Here, *name* is any non-empty character string that does not contain a blank, *mach_{i}*, *mach’_{i}*, are out of {1,2,3,4,5,6,7,8}, *task_{i}*, *task’_{i}*, *task”_{ij}*, *task+_{ij}* are out of {A,B,C,D,E,F,G,H} and all *p_{i}* and *p_{ij}* are natural numbers (or 0). n is less or equal to 8. If n, m, k, or x are 0, then the file will just contain the key word for the particular constraint and no further lines (for that constraint). If any key word is missing, one of the place holders above is assigned an invalid value, or the file contains something not specified above, output “Error while parsing input file” (except if we already defined a different error message above).

Your systems should be to handle any additional blanks at the end of any line in the input file (handle meaning that the system should ignore them) and also any additional empty lines between lines.

Your systems have to read their input from file and also write all output to a file. So, if your system is called mysystem, the input file is myinput and the file for the output is myoutput, the command for running your system should be:

mysystem myinput myoutput

We will use scripts for performing our tests and therefore need all systems to strictly follow all requirements given above and below!
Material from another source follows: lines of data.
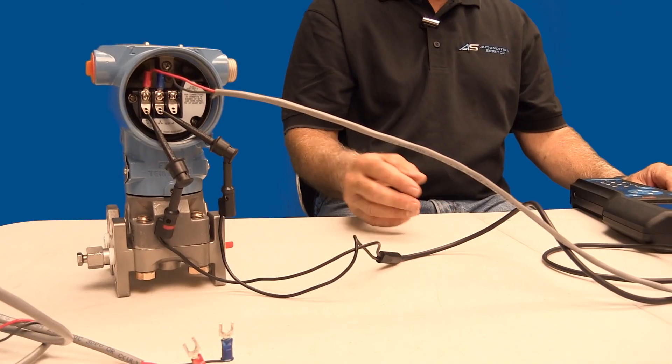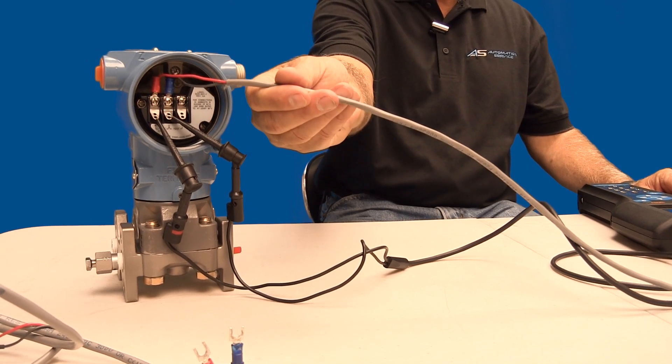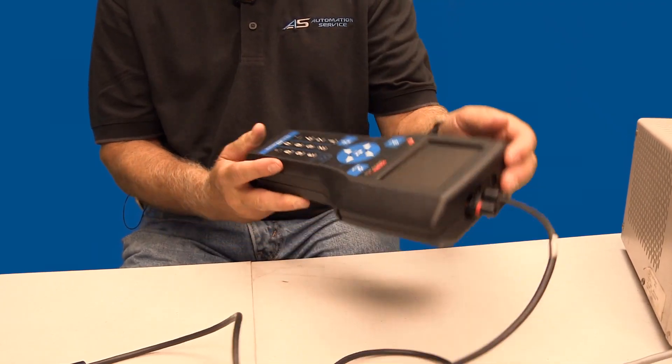For this demonstration, I have a regulated power supply, a two-wire cable, a pressure transmitter, and a 475 HART communicator.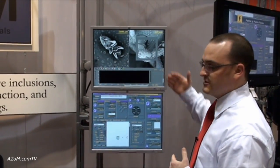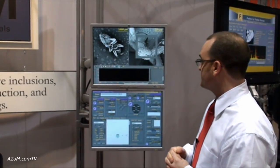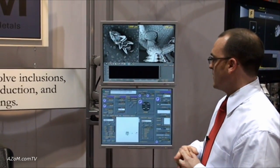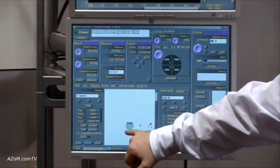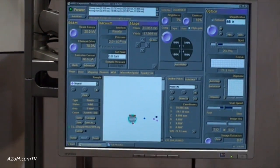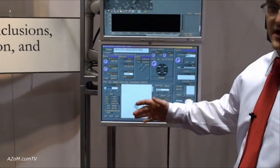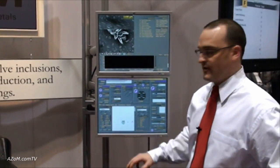We're illustrating some focusing capabilities and the usability of the software. Down at the bottom we have a stage movement tab showing several different sample locations inside the chamber. We currently have three different sample types, and we're going to move over to the particle sample to set up a quick automated analysis for quality control environments.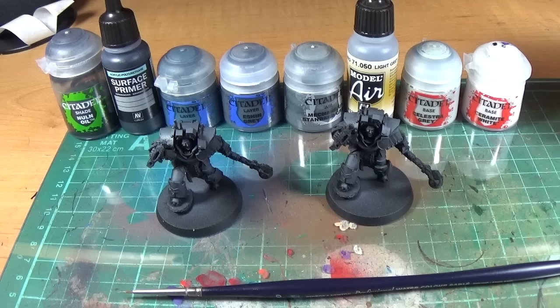Welcome to Powerhouse Miniatures. This is a miniature painting tutorial on how to paint grey armour on a Praetor in Cataphractii Terminator armour. This is a model from Warhammer Fest — a Forge World Event Exclusive Praetor in Cataphractii Terminator armour. It's got a combi-Volkite weapon and a Thunder Hammer.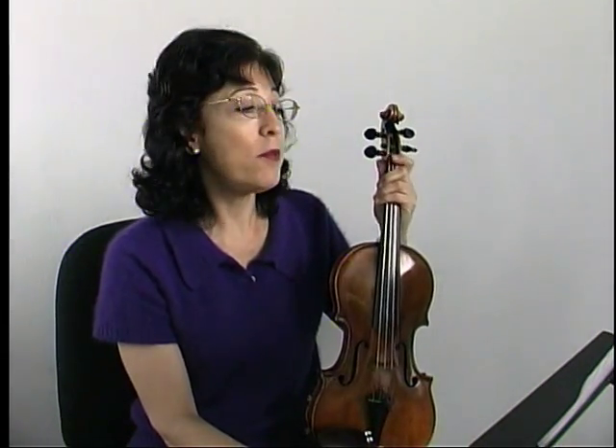This is in C major, so I'm going to start with my first finger, the note E, on the D string. Then I'm going to play a second finger which is low, F natural, on the D string.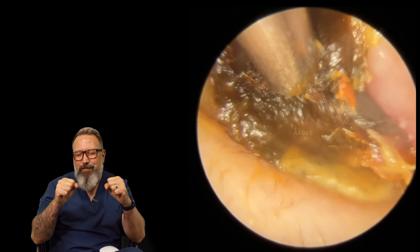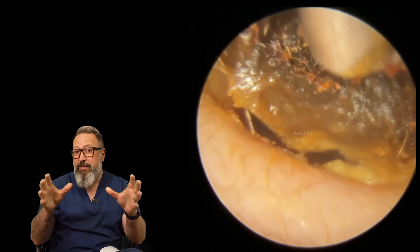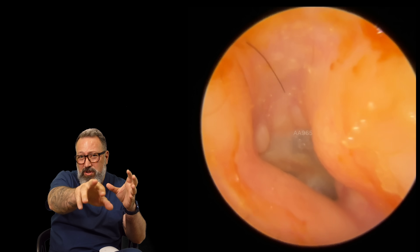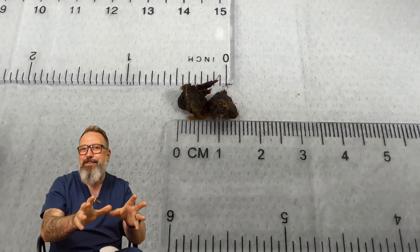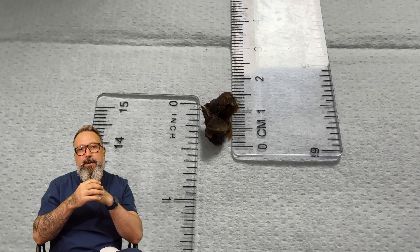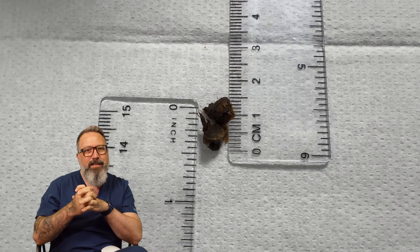As we remove this plug you'll see it's super sticky - stuck on one of the exostoses. Give it a little wiggle, and it's coming away. This is why it's so important to get wax and skin debris out regularly - you can see one, two, three, four, and a little one in the top right corner: five exostoses. We removed one and a half centimeters, just under half an inch. As always, take care of yourselves, take care of your ears, and take care of one another - see you soon!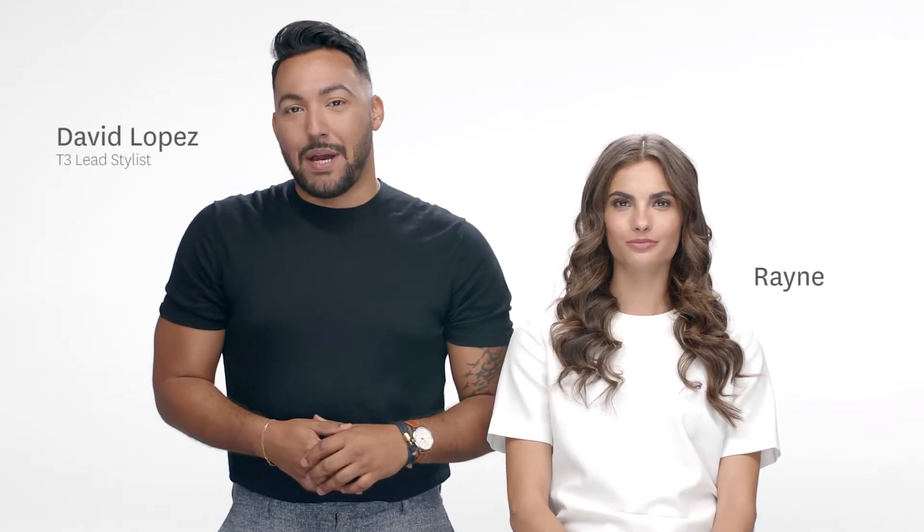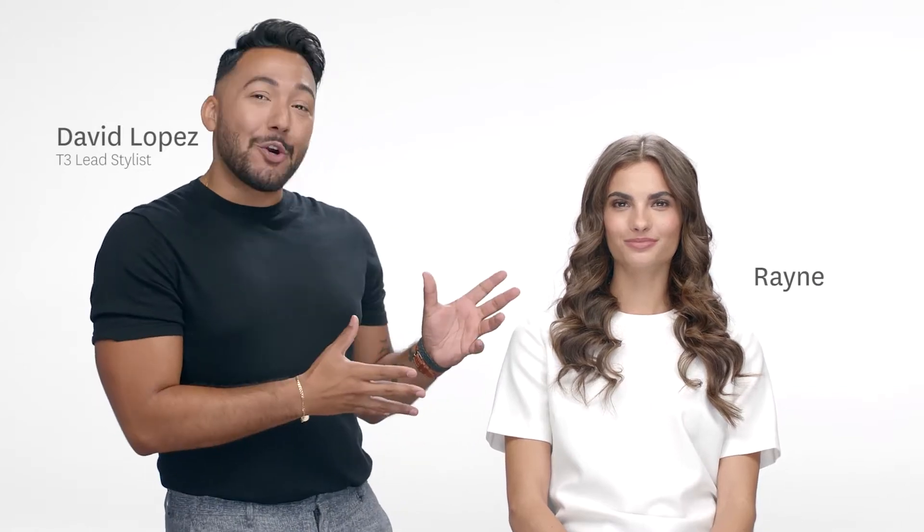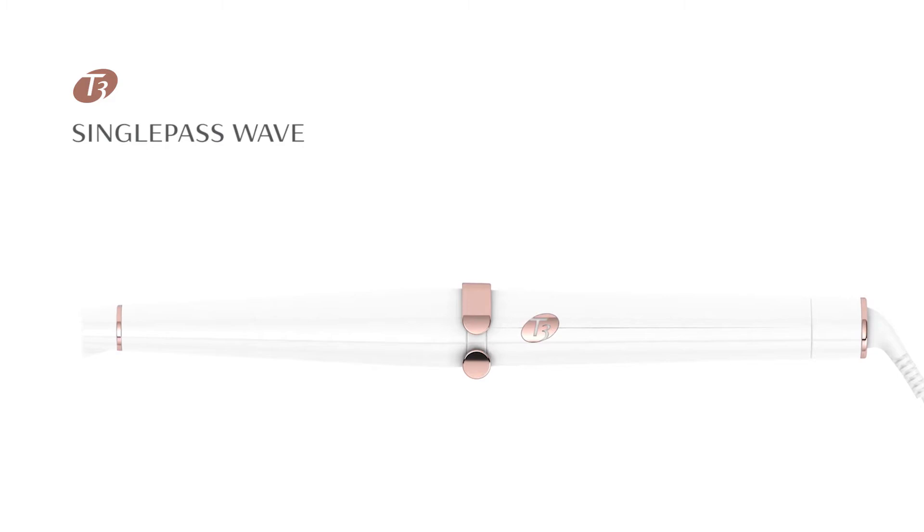Hi, I'm T3 Lead Stylist David Lopez and I'm gonna have Rain show you how she created this beautiful gorgeous texture using the T3 Single Pass Wave Iron.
While, in theory, it is still possible to solve this problem by simply enumerating the 40320 possible assignments of tasks to machines, scheduling problems are often solved by using a so-called __branch-and-bound__ method. Regardless of the solution method, if there are no problems in the input file/problem instance specification, your system should output

“No valid solution possible!”

if there is no solution that fulfills the given hard constraints or

“Solution” *task*_{1} *task*_{2} *task*_{3} *task*_{4} *task*_{5} *task*_{6} *task*_{7} *task*_{8}“; Quality:” *qual*

where *task*_{i} in {A,B,C,D,E,F,G,H}, *task*_{i} is the task assigned to machine i in the best assignment, i.e. the assignment with minimal overall penalty value and *qual* is this overall penalty value of the assignment.

If there are several assignments with the same minimal overall penalty value, any of these assignments will be an acceptable output.